In a rain-curtailed game at Raipur that had to be decided by D/L method, the only talking point was Kane Williamson’s whirlwind 49-ball hundred. In the end, the third match of the Champions League became a no contest after Northern Knights scored the first 200+ score of the 2014 Champions League. The fireworks from the Knights came from someone, who had not played in the T20 format until last year. Williamson did not exude the traits of a T20 player as his game suited more to test cricket. One look at him at play pointed to a batsman from the colloquial mould and no one thought that the guy could ever take to the shorter formats, though he did play several 50-over matches. But T20 did not seem his cup of tea from any stretch of imagination. But like a scene in an unpredictable drama, things underwent a tumultuous change in 2014. On Friday, he came up with the fastest ever century of a Champions League tournament. Though the game had to be curtailed after 7.2 overs in the Cape Cobra innings, Kane Williamson emerged as a new T20 star.
Winning the toss, Cobras chose to field, little realizing what lay in store for them. Dale Styen was not playing but the two Knights openers; Kane Williamson and Anton Devcich began slowly. No one had any inkling of the shape of things to come as the pair added just 17 runs in the first three overs. However, after Devcich scored a single off the first ball of the fourth over, Williamson faced Philander. He took four consecutive 2s until the fifth ball and got a huge top edge from a mishit on the last ball and luckily for him it cleared the deep fine leg to drop outside the boundary. That probably slowed down Williamson and the two openers continued until the 8th over at the end of which they could reach 62/0. The ninth over went for 17 and the tenth for 10 and at halfway mark Knights had reached an impressive 93/0. Runs kept flowing afterwards and the tempo of scoring was sustained with both batsmen using the long handle at times.
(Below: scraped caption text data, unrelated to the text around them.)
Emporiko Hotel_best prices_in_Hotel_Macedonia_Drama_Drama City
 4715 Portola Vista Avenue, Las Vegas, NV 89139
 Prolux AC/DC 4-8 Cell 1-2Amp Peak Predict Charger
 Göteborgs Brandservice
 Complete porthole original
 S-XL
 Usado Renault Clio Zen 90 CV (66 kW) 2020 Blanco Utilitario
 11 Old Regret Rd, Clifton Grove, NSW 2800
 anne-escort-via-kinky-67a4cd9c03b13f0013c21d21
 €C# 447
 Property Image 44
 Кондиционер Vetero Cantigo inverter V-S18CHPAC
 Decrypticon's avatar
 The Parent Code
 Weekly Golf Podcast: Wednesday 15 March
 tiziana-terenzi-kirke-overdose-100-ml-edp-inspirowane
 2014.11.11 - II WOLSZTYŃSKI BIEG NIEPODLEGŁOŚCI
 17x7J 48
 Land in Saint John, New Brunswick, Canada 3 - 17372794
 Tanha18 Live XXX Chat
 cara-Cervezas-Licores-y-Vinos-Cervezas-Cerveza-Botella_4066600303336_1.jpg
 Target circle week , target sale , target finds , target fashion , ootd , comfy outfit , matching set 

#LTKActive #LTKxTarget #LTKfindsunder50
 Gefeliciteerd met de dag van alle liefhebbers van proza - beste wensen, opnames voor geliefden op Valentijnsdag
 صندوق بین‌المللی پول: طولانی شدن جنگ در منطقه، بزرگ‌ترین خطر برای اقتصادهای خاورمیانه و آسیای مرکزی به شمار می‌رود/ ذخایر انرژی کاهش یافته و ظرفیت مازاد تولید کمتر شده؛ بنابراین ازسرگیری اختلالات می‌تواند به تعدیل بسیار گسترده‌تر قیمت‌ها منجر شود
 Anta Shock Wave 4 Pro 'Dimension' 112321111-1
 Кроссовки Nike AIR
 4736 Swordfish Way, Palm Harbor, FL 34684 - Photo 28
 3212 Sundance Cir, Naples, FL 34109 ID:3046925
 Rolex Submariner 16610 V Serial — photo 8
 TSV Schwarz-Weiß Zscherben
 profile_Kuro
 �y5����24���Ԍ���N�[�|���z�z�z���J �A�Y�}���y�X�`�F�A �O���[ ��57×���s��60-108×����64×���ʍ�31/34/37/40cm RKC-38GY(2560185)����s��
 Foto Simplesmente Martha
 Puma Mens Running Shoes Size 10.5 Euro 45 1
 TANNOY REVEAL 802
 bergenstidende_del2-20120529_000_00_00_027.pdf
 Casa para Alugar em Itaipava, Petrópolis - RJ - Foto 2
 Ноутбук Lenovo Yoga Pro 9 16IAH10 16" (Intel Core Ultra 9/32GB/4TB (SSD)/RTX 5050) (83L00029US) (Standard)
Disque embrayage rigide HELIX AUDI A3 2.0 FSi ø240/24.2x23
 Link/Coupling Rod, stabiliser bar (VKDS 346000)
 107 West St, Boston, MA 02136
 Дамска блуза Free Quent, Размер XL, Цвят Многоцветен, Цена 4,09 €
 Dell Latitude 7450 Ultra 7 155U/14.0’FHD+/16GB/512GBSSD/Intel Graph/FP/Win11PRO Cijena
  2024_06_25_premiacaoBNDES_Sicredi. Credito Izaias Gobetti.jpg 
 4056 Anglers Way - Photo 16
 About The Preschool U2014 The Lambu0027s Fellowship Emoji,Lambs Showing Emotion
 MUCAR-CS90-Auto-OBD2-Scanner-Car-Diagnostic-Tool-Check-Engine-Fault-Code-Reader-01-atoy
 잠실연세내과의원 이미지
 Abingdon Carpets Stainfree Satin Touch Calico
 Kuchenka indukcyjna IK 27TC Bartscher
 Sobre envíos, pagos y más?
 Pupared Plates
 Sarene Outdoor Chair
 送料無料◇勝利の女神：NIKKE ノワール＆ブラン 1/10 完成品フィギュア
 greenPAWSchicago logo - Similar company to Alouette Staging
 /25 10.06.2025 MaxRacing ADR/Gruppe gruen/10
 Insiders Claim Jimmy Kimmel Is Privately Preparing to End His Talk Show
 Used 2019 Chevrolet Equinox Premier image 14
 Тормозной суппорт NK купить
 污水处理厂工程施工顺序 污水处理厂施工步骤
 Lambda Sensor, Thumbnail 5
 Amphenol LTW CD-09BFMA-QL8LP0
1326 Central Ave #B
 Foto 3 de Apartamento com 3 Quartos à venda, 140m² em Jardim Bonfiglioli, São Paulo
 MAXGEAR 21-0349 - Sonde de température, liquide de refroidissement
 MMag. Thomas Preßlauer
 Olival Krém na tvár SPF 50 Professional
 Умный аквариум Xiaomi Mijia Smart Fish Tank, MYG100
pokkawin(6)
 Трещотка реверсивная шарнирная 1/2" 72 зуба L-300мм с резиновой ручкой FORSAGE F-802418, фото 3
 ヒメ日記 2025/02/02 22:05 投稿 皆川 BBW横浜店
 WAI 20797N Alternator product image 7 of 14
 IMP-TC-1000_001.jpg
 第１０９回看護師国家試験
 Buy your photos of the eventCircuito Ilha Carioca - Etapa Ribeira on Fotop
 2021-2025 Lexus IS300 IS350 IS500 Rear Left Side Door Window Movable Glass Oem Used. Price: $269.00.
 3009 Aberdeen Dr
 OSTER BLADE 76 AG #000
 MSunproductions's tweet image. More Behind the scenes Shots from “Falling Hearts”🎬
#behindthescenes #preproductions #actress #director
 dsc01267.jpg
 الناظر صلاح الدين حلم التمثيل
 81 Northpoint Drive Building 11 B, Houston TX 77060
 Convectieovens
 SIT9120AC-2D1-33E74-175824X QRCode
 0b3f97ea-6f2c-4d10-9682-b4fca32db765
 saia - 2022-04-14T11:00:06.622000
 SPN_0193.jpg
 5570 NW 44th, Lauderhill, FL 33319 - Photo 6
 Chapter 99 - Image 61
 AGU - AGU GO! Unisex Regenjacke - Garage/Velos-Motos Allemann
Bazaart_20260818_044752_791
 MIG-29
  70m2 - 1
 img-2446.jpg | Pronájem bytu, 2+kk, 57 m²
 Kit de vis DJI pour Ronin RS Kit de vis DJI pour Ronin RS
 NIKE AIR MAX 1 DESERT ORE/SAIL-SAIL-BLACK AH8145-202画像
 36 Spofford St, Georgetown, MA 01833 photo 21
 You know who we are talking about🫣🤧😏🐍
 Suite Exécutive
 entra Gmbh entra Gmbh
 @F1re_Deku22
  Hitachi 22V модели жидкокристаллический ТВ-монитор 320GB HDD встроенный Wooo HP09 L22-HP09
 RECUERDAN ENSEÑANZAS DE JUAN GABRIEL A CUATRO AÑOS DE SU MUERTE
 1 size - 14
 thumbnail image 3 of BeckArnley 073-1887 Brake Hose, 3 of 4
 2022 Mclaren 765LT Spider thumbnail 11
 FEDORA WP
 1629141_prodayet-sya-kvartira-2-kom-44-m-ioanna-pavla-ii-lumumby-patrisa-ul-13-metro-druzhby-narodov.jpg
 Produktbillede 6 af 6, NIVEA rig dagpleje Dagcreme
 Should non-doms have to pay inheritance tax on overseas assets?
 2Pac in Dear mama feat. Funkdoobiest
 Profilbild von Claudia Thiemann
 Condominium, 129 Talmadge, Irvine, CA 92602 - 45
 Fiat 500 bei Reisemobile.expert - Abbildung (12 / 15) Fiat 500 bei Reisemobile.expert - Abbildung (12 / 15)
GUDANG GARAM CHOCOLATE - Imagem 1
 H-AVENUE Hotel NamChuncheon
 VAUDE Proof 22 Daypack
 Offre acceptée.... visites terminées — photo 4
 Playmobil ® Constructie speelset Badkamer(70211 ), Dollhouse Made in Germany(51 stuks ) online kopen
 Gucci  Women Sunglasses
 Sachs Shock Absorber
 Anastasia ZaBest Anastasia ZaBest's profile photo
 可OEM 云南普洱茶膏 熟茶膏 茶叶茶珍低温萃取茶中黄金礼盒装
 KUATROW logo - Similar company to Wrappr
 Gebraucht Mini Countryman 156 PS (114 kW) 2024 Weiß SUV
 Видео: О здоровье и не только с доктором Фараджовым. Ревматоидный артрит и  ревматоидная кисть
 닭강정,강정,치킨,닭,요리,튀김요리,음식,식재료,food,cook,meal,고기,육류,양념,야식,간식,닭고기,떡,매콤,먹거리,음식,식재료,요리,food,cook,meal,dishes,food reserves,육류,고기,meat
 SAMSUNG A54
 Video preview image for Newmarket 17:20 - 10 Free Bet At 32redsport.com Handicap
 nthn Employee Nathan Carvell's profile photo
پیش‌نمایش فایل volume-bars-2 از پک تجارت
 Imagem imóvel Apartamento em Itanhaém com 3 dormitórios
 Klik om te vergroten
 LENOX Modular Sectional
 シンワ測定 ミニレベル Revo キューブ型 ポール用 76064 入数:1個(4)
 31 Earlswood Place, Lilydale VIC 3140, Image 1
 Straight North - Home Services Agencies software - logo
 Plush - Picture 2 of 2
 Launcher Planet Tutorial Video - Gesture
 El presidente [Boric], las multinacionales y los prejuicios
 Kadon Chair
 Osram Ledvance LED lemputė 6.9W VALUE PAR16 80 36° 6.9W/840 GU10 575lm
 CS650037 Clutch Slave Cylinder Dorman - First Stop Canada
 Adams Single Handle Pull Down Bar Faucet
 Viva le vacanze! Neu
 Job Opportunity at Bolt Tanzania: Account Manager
At the end of 13 overs, Knights had scored 136/0 and there was nothing to separate the two batsmen. Williamson had reached 68 in 33 balls and Devcich 66 in 45. In the 14th over, Devcich and new man Daniel Flynn both fell at the same score of 140. But Williamson continued in the company of BJ Watling, who hammered Justin Kemp’s 16th over for 17 runs. Afterwards Northern Knights lost three more wickets but Williamson went on clouting the Cobra bowlers to finish unbeaten on 101 off 49 balls with 8 fours and 5 sixes. Knights’ total of 206 was pretty imposing for the Cobras, who didn’t have their star batsman Duminy.
Chasing a massive 207 for victory, Cape Cobras began disastrously, losing birthday-boy Stiaan Van Zyl to the first ball of the innings. However, Hashim Amla and Robin Peterson carried on until the 6th over to add 38 for the second wicket before Amla fell to an uppish flick off Kuggeleijn to deep mid-wicket, where substitute BS Wilson took an easy catch. Cobras scored 6 runs more before the heavens opened and players ran to the pavilion. They all kept waiting until much after 11 PM, when the match was called off and the decision came from the Duckworth-Lewis. Cobras lost by 33 runs as they had not built up the rate until the 8th over, averaging a paltry 6 per over. For the Northern Knights, it was the fourth time in four matches that they emerged victorious at Raipur. The earlier three occasions were in the qualifying rounds, where they finished with a 100% record.